Nous partirons d'un postulat simple : notre perception du temps dépend principalement de notre vitesse moyenne de mouvement et de notre durée de vie moyenne. D'après ce postulat, en une heure (humaine), nous avons le temps par exemple de faire le voyage Orléans-Paris en train (57 minutes si tout va bien), une montagne par contre, n'a en une heure pas le temps de faire grand chose! L'équivalent des possibilités d'évolution en une heure humaine serait plus proche de celles d'une année entière pour une montagne …
 
    Conclusion : une même dimension – le temps – peut être perçue de façon différente par la matière, selon le système qu'elle forme.
 
    Un autre exemple plus simple peut être de considérer que l'humain (système global) ne perçoit pas le temps qui passe de la même façon qu'un seul de ses organes (partie du système). Les ovaires par exemple produisent un follicule tous les 56 jours (un par cycle alternativement) alors que la femme a l'impression que son cycle est de 28 jours ; en simplifiant la situation, on peut considérer que le "système femme" (pardon mesdames) voit un cycle de 28 jours alors que le "système ovaire" voit un cycle de 56 jours …
 
    Bref, chaque dimension dépend donc de plusieurs paramètres, dont au minimum une origine et une unité (vecteur unitaire dans le cas d'un repère orthonormé par exemple), qui peuvent tous deux différés selon l'observateur en question. Une dimension n'est donc ni figée, ni aléatoire, mais "conventionnée" (c'est à dire que leurs caractéristiques sont fixées pour l'ensemble de la communauté scientifique) et les quatre dimensions sur lesquelles nous basons notre interprétation de l'univers sont dites "incompressibles" (les trois dimensions Ox, Oy et Oz pour l'espace, avec l'origine fixée en O, et le temps t).
 
    Il est d'ailleurs à noter qu'Einstein a décrit avec ses équations un espace défini par ces quatre dimensions : l'espace-temps.

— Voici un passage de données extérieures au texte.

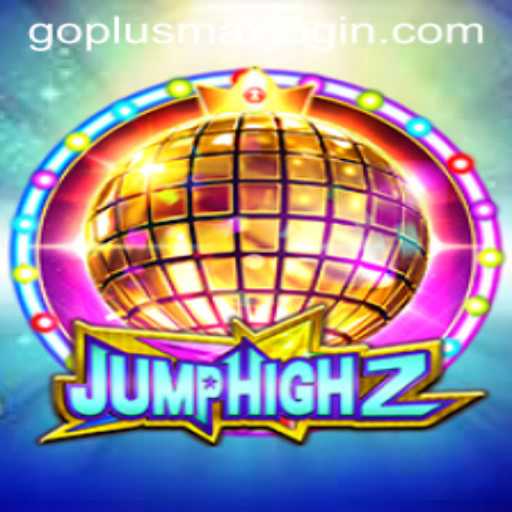 JumpHigh2: Mastering the Art of Virtual Heights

La représentation dont nous parlions pour la relativité générale, à savoir un espace à trois dimensions matérialisé par un drap tendu (à deux dimensions) peut donc décrire, toujours en deux dimensions, l'espace-temps : une dimension résumant les trois dimensions spatiales, et la seconde matérialisant le temps qui passe. Une représentation simple de cet espace-temps peut être symbolisée par les photons, qui ont une trajectoire quasi-rectiligne et une durée de vie quasi-infinie (comme représenté sur le schéma ci-dessous).
 
 
    On voit sur ce schéma l'influence d'une masse sur l'espace temps. Eh oui, il faudra nous y faire : une position temporelle, tout comme une position spatiale, peut dépendre de l'influence d'objets proches. L'espace-temps lui-même est donc "déformable", à condition que la masse engagée soit assez importante pour déformer le temps autant que l'espace.
 
    C'est d'ailleurs ce phénomène qui est en jeu pour la formation des trous noirs : la masse constituant ce type d'objets étant tellement importante et sa densité quasi-infinie (puisqu'il s'agit d'objet dont le volume est quasiment nul), l'attraction gravitationnelle qu'ils exercent sur l'espace-temps le déforme tellement qu'au bout d'un moment, les raies d’espace-temps restent emprisonnées, condamnées à tourner infiniment autour de trou noir, sans jamais se défaire de son attraction.